O Canal do Panamá passou a operar sob forte pressão hídrica após a queda das reservas necessárias ao funcionamento das eclusas, o que obrigou as autoridades a reduzir o fluxo diário de navios.
Um petroleiro da Coreia do Sul estabeleceu um recorde no Canal do Panamá ao desembolsar US$ 5,3 milhões, aproximadamente R$ 27,5 milhões, para garantir passagem prioritária pela hidrovia. A cifra evidencia como a redução da capacidade operacional, provocada pela seca, elevou o custo para empresas que dependem de rapidez e previsibilidade no transporte internacional.
Petroleiro quebra recorde no Canal do Panamá
A sul-coreana SK Gas desembolsou US$ 5,3 milhões, cerca de R$ 27,5 milhões, para assegurar ao petroleiro G. Spirit uma posição privilegiada na travessia do Canal do Panamá.

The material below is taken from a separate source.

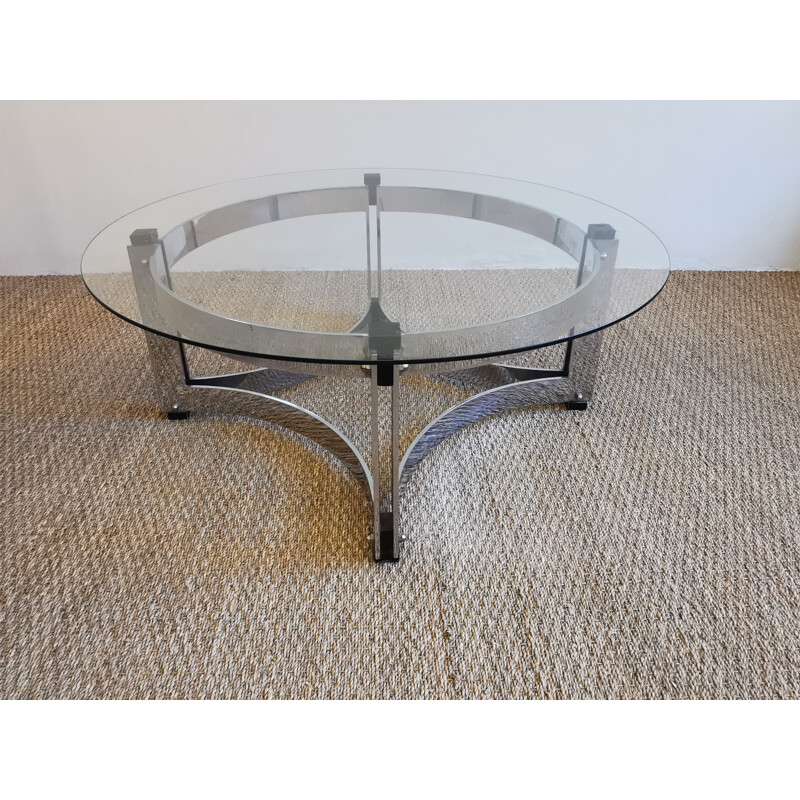 Table basse vintage ronde en chrome et verre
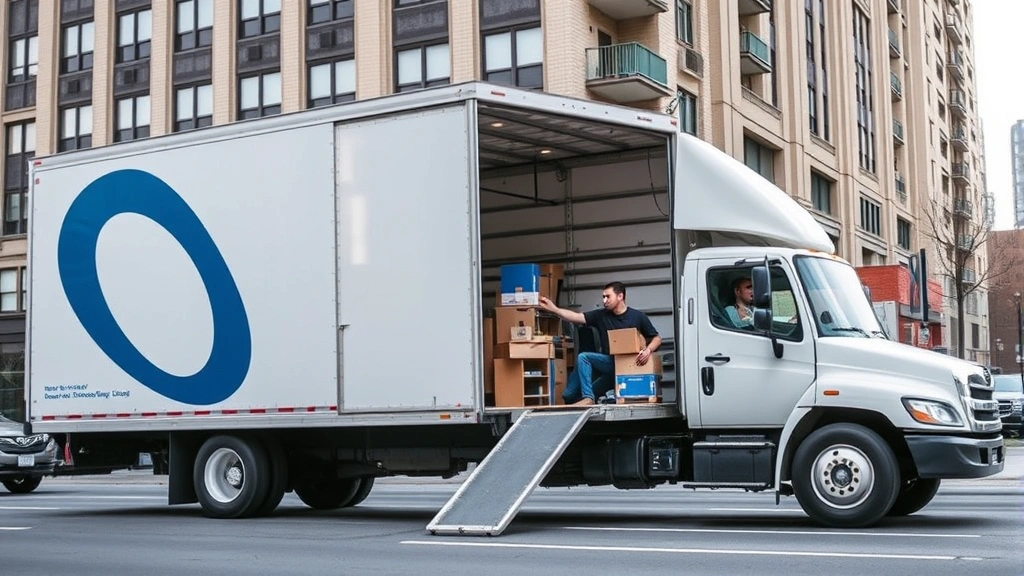 Modern moving truck parked on Queens street with professional movers loading household items, organized logistics operation, urban building background, representing reliable professional moving service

O valor chama atenção principalmente quando comparado aos leilões realizados entre outubro de 2025 e fevereiro de 2026, período em que a média paga ficou próxima de US$ 55 mil (aproximadamente R$ 285 mil)

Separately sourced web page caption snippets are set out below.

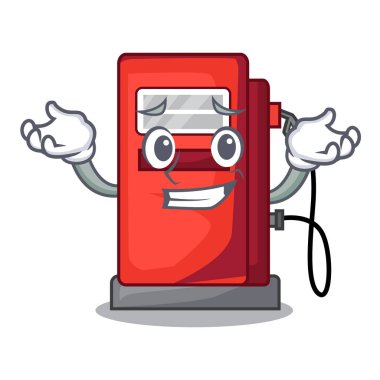 Maskot izole sırıtan gosoline pompa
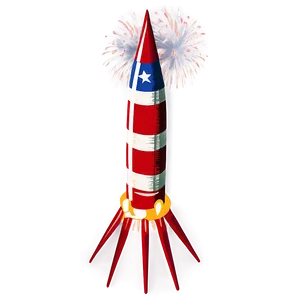 Vintage Firework Rocket PNG Vka65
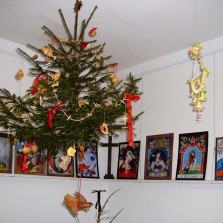 Vánoční stromeček zavěšený nad stolem. Foto: Kamila Dvořáková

A operação ocorreu pouco antes da adoção de novas restrições no número diário de embarcações autorizadas, cenário que aumentou o valor estratégico das vagas disponíveis.
Outro episódio relevante havia ocorrido em abril, quando um navio de gás natural liquefeito pagou US$ 4 milhões para antecipar sua passagem e evitar prejuízos associados a atrasos.
A sequência de cifras elevadas mostra como a escassez de horários passou a transformar a prioridade de trânsito em um recurso valioso para empresas com cargas sensíveis a prazos.
Seca aumenta pressão sobre o canal
A redução das chuvas comprometeu os reservatórios utilizados pelo sistema de eclusas do Canal do Panamá, situação que obrigou as autoridades panamenhas a rever a capacidade diária da hidrovia.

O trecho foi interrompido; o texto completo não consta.